The Seven Basic Plots is a brilliantly accessible and compelling exploration of plot archetypes, and I recommend it to anyone interested in story construction. I will borrow heavily from Booker’s analysis in these essays, but I cannot hope to explore the complexities with anything approaching his aplomb or accomplishment. However I hope that it will be of interest as an analytical tool to those of you, like me, who get a kick out of meta.

The following essay contains specific spoilers through S4 Onyx, very general spoilers for S5 and specific spoilers for Superman I.

Basic premise
People often refer to there being only a set number of stories in the world. The number of plot types varies, but all of us are familiar with the idea that there are recurring plots at the heart of stories from myths to high literature or popular culture. Booker addresses this concept head on. He analyses a wide range of material: fairy tales, classic mythology, pulp fiction, films and high literature. He divides them into seven familiar plots:
1. Overcoming the Monster
2. Rags to Riches
3. The Quest
4. Voyage and Return
5. Comedy
6. Tragedy
7. Rebirth

In the first half of his book, Booker explores the classic archetypal patterns, symbolism, characters and construction of each of the seven plots. He then goes on to analyse what the recurrence of such plots tells us about the human condition and our nature as a species. (Yup! This is big-scale stuff.) He also explores 'failed' versions of these stories and some of the most complex combinations of them in.

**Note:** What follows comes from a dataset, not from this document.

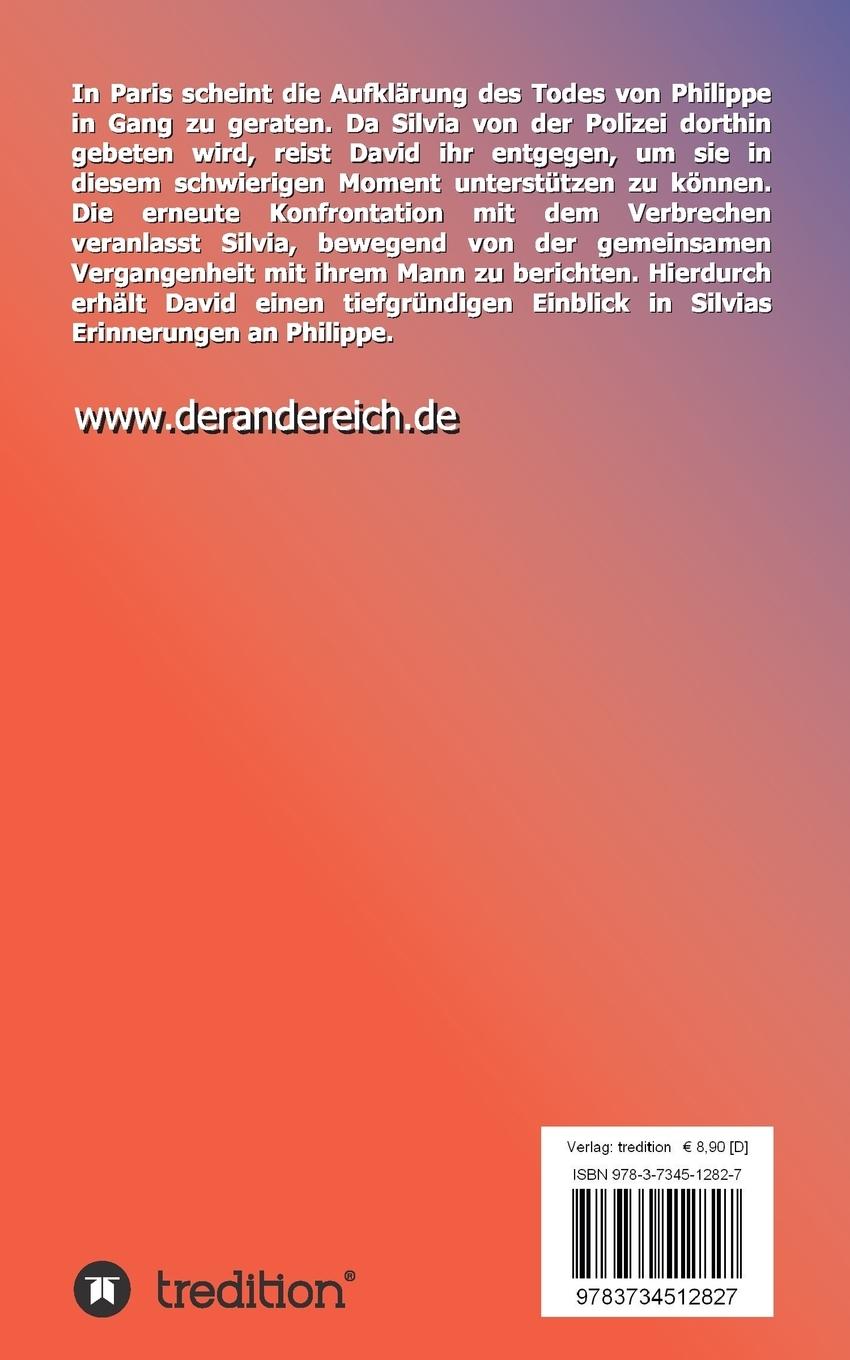 Rückseitencover Erinnerungen an Philippe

I think most viewers of Smallville are drawn to its mythic qualities. That it draws on the classic archetypes of heroes and villains is no secret. This construction is self-conscious and penetrates the entire aesthetic of the show. In its saturated colours and use of shade and light, Smallville draws on our imprinted associations of evil and goodness. It has qualities of the morality tale and of the fairy tale, but is at the same time complex and nuanced.

In reading his work, I expected to find that Smallville used one or two of the classic plots. What surprised me was finding that it uses at least some components of all of them at different times and in different ways.

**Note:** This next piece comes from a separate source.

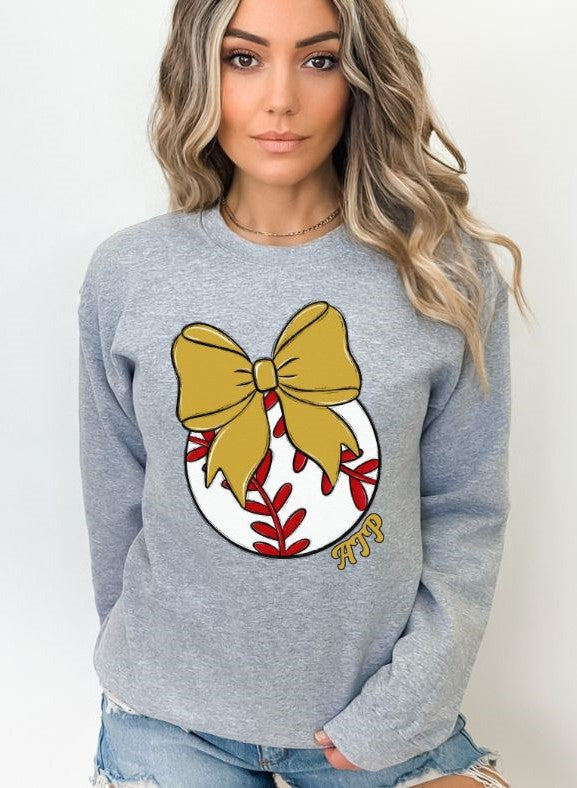 ATP Bows and Balls (Vegas Gold - Baseball) - DTF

Smallville's premise is the life of Superman as a young Clark Kent, but it is equally about the creation of his nemesis, Lex Luthor. The development of these two figures in relationship to each other is what makes the series compelling, and I hope here to be able to explain how this achieved and what it means.

Before I begin, I wish to make several things clear. First of all, it's important to note that the combination of several classic plots is not unusual. Booker describes many famous instances of two or more classic plots being intertwined in famous and successful works (The Lord of the Rings is cited as perhaps the most famous work containing all seven plots.) Secondly, I am not arguing that Smallville is completely successful in its realisation of every plot. In fact, the instances where it uses one of the plots in an incomplete form are often the parts of the show where fans have expressed most dissatisfaction. An obvious incidence of this is in the anti-climactic Season 4 'Quest' plot.

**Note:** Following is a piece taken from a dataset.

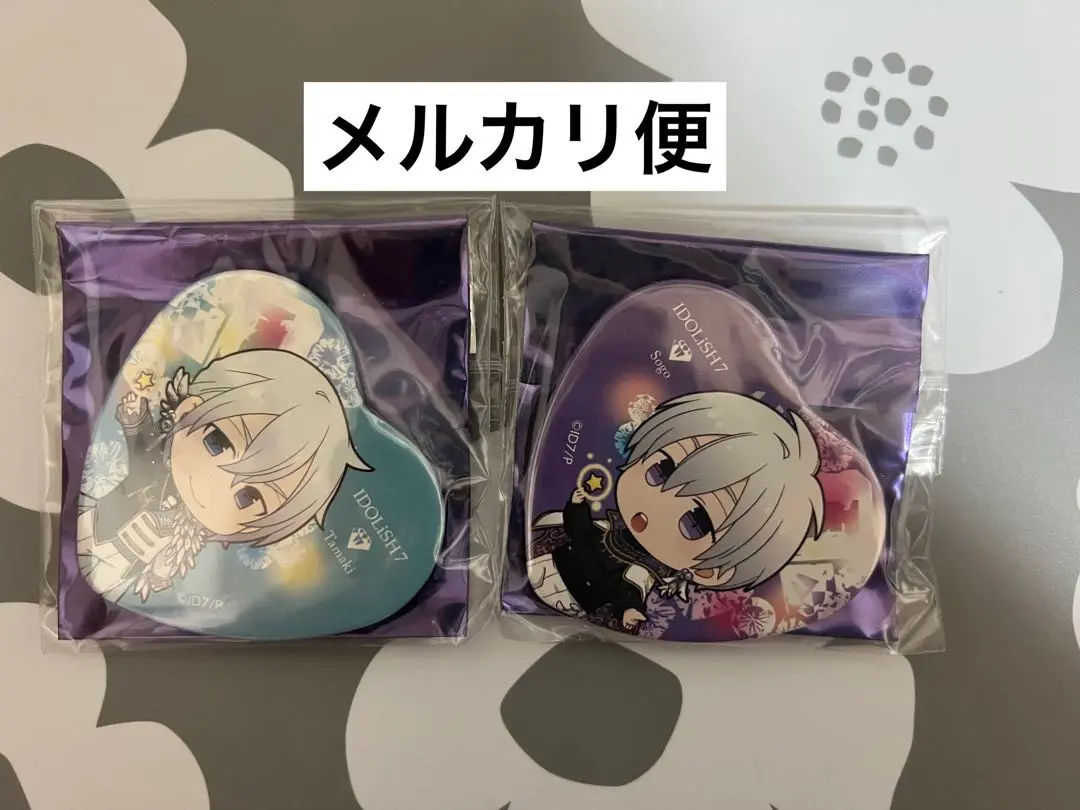IDOLiSH7 アイナナ 四葉環 缶バッジ 特典 全サ WV ウィシュボ 2025年最新】wv 環 缶バッジの人気アイテム - メルカリ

Finally it's important to recognise the unique structure of Smallville's medium. The demands of a long-running television serial are different to that of a play, novel or traditional myth. There need to be plot arcs within each season and each episode, as well as in the overall story itself. Therefore I will be jumping up and down these three levels in my analysis. The challenge television presents to its writers is how to show a completely realised plot over a series but also structure each episode with an internal beginning middle and end. Smallville is successful at some levels and not at others.

1. Overcoming the Monster
The first classic plot structure is Overcoming the Monster. It's an instantly recognisable plot that has been used in everything from the Epic of Gilgamesh to Star Wars. Booker describes the plot as the hero being called to face and overcome a terrible and deadly personification of evil. It is sturctured in five parts:
1. Anticipation or 'the Call'
2. Dream stage
3. Frustration stage
4. Nightmare stage
5. Thrilling escape.
The personficiation of evil can take many forms: human, animal or supernatural. But as Booker describes, its attributes include are recognisable: strange, sinister, weird, fiendish, dark, deceitful, depraved, treacherous, etc.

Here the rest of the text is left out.